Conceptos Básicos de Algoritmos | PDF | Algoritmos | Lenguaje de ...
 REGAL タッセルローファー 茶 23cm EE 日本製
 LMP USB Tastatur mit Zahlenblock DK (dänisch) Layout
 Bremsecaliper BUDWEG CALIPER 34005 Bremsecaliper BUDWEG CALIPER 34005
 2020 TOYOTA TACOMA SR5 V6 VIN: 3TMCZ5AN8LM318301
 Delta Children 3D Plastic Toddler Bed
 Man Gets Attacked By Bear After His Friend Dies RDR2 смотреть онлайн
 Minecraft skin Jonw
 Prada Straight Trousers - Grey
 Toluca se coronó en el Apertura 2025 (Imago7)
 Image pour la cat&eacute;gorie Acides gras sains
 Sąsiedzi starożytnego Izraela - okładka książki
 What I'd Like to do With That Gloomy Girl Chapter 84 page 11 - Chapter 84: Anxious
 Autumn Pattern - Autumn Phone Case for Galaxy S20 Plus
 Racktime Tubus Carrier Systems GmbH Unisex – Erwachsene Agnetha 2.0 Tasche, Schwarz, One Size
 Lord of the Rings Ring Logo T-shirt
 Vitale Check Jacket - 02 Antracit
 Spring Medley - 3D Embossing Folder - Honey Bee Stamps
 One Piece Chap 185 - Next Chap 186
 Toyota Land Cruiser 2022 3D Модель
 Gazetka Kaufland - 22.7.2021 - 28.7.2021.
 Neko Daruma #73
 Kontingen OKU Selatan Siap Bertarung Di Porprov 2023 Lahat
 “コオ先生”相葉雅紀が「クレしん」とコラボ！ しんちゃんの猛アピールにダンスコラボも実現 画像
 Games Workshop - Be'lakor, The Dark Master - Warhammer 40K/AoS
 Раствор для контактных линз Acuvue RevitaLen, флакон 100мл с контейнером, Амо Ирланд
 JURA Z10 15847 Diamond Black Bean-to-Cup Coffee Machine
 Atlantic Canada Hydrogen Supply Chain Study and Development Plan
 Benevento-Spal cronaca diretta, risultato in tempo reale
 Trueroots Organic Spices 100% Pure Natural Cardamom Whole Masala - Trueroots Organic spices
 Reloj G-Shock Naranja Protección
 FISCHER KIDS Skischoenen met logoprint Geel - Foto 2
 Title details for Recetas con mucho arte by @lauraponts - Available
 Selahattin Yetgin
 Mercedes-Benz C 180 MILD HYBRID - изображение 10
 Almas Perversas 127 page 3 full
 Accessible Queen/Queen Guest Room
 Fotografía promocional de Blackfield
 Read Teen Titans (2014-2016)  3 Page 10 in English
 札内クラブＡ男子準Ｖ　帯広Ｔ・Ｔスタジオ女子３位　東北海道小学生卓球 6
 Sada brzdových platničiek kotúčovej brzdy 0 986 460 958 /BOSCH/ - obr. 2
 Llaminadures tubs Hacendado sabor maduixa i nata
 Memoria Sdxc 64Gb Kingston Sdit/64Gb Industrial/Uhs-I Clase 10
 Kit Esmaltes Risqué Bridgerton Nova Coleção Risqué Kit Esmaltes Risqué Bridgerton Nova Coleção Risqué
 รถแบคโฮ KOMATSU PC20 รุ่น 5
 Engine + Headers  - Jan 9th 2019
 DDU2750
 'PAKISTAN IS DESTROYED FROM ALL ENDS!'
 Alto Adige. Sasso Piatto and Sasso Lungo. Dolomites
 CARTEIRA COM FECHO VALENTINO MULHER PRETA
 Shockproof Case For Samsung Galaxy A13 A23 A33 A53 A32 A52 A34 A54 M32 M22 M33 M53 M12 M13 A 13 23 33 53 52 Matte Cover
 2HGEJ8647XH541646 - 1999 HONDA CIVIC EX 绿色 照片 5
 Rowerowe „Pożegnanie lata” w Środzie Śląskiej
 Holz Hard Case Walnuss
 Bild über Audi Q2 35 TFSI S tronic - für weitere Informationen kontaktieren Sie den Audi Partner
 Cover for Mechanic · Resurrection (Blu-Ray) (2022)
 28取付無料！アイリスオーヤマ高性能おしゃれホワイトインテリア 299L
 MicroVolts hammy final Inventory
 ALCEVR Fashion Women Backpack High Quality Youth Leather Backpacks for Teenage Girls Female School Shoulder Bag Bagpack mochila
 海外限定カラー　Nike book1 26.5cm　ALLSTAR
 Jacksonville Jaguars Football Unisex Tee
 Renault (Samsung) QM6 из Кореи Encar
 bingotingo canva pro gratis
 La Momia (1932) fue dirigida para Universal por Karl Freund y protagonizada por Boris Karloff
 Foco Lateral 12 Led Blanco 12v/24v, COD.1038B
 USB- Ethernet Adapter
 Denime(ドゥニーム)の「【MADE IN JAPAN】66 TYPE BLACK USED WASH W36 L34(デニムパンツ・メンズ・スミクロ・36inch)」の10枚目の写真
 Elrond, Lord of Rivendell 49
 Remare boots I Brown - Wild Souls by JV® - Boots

*****

- Task instructions: Write down again the exact lines running from the beginning of the data to the line containing "Engine + Headers", with both ends included.

- Task response:
Conceptos Básicos de Algoritmos | PDF | Algoritmos | Lenguaje de ...
 REGAL タッセルローファー 茶 23cm EE 日本製
 LMP USB Tastatur mit Zahlenblock DK (dänisch) Layout
 Bremsecaliper BUDWEG CALIPER 34005 Bremsecaliper BUDWEG CALIPER 34005
 2020 TOYOTA TACOMA SR5 V6 VIN: 3TMCZ5AN8LM318301
 Delta Children 3D Plastic Toddler Bed
 Man Gets Attacked By Bear After His Friend Dies RDR2 смотреть онлайн
 Minecraft skin Jonw
 Prada Straight Trousers - Grey
 Toluca se coronó en el Apertura 2025 (Imago7)
 Image pour la cat&eacute;gorie Acides gras sains
 Sąsiedzi starożytnego Izraela - okładka książki
 What I'd Like to do With That Gloomy Girl Chapter 84 page 11 - Chapter 84: Anxious
 Autumn Pattern - Autumn Phone Case for Galaxy S20 Plus
 Racktime Tubus Carrier Systems GmbH Unisex – Erwachsene Agnetha 2.0 Tasche, Schwarz, One Size
 Lord of the Rings Ring Logo T-shirt
 Vitale Check Jacket - 02 Antracit
 Spring Medley - 3D Embossing Folder - Honey Bee Stamps
 One Piece Chap 185 - Next Chap 186
 Toyota Land Cruiser 2022 3D Модель
 Gazetka Kaufland - 22.7.2021 - 28.7.2021.
 Neko Daruma #73
 Kontingen OKU Selatan Siap Bertarung Di Porprov 2023 Lahat
 “コオ先生”相葉雅紀が「クレしん」とコラボ！ しんちゃんの猛アピールにダンスコラボも実現 画像
 Games Workshop - Be'lakor, The Dark Master - Warhammer 40K/AoS
 Раствор для контактных линз Acuvue RevitaLen, флакон 100мл с контейнером, Амо Ирланд
 JURA Z10 15847 Diamond Black Bean-to-Cup Coffee Machine
 Atlantic Canada Hydrogen Supply Chain Study and Development Plan
 Benevento-Spal cronaca diretta, risultato in tempo reale
 Trueroots Organic Spices 100% Pure Natural Cardamom Whole Masala - Trueroots Organic spices
 Reloj G-Shock Naranja Protección
 FISCHER KIDS Skischoenen met logoprint Geel - Foto 2
 Title details for Recetas con mucho arte by @lauraponts - Available
 Selahattin Yetgin
 Mercedes-Benz C 180 MILD HYBRID - изображение 10
 Almas Perversas 127 page 3 full
 Accessible Queen/Queen Guest Room
 Fotografía promocional de Blackfield
 Read Teen Titans (2014-2016)  3 Page 10 in English
 札内クラブＡ男子準Ｖ　帯広Ｔ・Ｔスタジオ女子３位　東北海道小学生卓球 6
 Sada brzdových platničiek kotúčovej brzdy 0 986 460 958 /BOSCH/ - obr. 2
 Llaminadures tubs Hacendado sabor maduixa i nata
 Memoria Sdxc 64Gb Kingston Sdit/64Gb Industrial/Uhs-I Clase 10
 Kit Esmaltes Risqué Bridgerton Nova Coleção Risqué Kit Esmaltes Risqué Bridgerton Nova Coleção Risqué
 รถแบคโฮ KOMATSU PC20 รุ่น 5
 Engine + Headers  - Jan 9th 2019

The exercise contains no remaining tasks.